§ Task description
Please reproduce the listing in its entirety, exactly as written, but without images.

---- Stored data

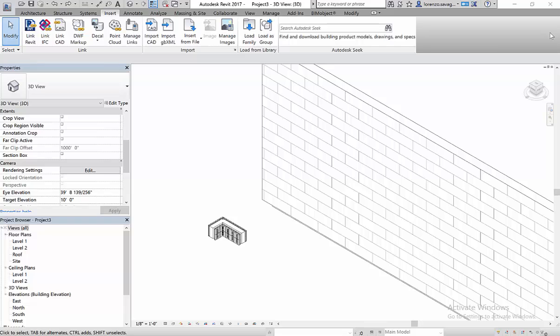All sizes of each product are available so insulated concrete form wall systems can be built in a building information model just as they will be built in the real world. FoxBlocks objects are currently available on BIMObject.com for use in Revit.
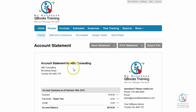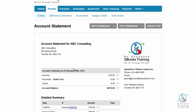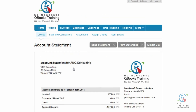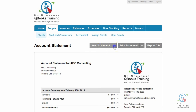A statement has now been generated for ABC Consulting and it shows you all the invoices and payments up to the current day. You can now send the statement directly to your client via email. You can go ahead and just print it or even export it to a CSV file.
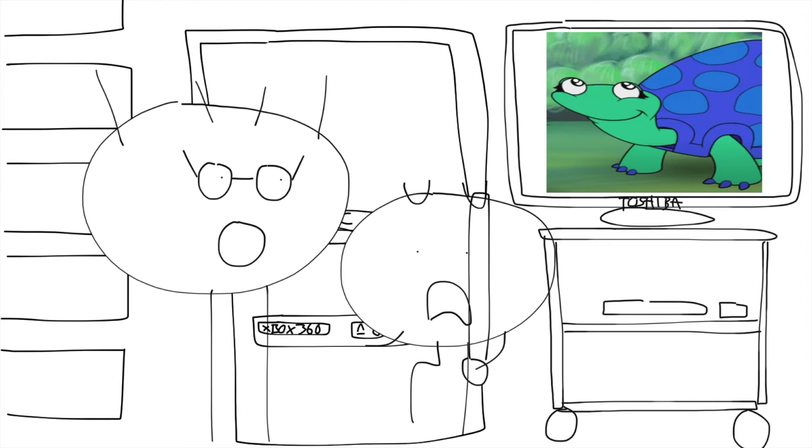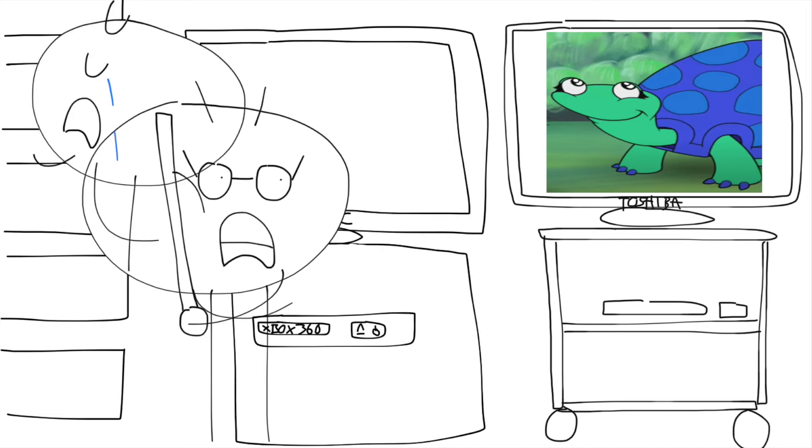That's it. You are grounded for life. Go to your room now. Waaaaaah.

--------

§ Solution to this task
All sizes of each product are available so insulated concrete form wall systems can be built in a building information model just as they will be built in the real world. FoxBlocks objects are currently available on BIMObject.com for use in Revit.
A statement has now been generated for ABC Consulting and it shows you all the invoices and payments up to the current day. You can now send the statement directly to your client via email. You can go ahead and just print it or even export it to a CSV file.
That's it. You are grounded for life. Go to your room now. Waaaaaah.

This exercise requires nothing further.